PROBLEM REQUIREMENTS: Find and copy the lines in the records beneath this task that contain the word "Photo".

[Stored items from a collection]
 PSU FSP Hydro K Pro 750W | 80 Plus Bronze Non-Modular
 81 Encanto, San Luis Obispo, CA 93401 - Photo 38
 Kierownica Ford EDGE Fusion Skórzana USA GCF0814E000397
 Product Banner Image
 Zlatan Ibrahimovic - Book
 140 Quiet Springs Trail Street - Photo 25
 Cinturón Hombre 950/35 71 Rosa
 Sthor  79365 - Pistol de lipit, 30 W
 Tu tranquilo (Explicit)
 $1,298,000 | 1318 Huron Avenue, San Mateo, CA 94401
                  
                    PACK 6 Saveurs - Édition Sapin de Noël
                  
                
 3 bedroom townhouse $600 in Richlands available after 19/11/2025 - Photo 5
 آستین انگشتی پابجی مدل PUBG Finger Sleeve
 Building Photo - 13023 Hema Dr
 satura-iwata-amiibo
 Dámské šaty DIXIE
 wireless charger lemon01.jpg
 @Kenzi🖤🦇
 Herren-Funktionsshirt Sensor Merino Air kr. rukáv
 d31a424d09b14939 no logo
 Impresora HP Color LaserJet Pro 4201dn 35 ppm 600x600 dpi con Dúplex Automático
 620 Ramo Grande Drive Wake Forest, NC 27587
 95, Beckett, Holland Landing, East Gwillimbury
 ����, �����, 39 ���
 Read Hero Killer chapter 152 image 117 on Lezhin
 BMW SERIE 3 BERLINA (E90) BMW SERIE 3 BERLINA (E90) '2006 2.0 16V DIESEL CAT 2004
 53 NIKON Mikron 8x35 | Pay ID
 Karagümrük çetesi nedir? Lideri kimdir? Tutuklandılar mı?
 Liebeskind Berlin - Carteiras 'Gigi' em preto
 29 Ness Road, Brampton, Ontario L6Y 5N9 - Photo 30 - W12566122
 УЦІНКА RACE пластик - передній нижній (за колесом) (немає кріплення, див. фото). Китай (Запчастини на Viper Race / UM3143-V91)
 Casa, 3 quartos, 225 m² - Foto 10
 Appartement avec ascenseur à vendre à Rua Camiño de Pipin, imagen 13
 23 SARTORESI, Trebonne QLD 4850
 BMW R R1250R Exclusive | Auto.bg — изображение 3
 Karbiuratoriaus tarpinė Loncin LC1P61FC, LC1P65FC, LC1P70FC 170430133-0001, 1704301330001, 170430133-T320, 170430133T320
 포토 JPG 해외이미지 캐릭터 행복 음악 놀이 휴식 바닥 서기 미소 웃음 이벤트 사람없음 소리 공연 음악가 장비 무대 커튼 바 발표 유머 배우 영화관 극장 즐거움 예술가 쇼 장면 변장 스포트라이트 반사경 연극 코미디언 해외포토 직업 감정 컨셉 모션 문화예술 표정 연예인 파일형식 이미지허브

RESPONSE FOR THIS EXERCISE:
 81 Encanto, San Luis Obispo, CA 93401 - Photo 38
 140 Quiet Springs Trail Street - Photo 25
 3 bedroom townhouse $600 in Richlands available after 19/11/2025 - Photo 5
 Building Photo - 13023 Hema Dr
 29 Ness Road, Brampton, Ontario L6Y 5N9 - Photo 30 - W12566122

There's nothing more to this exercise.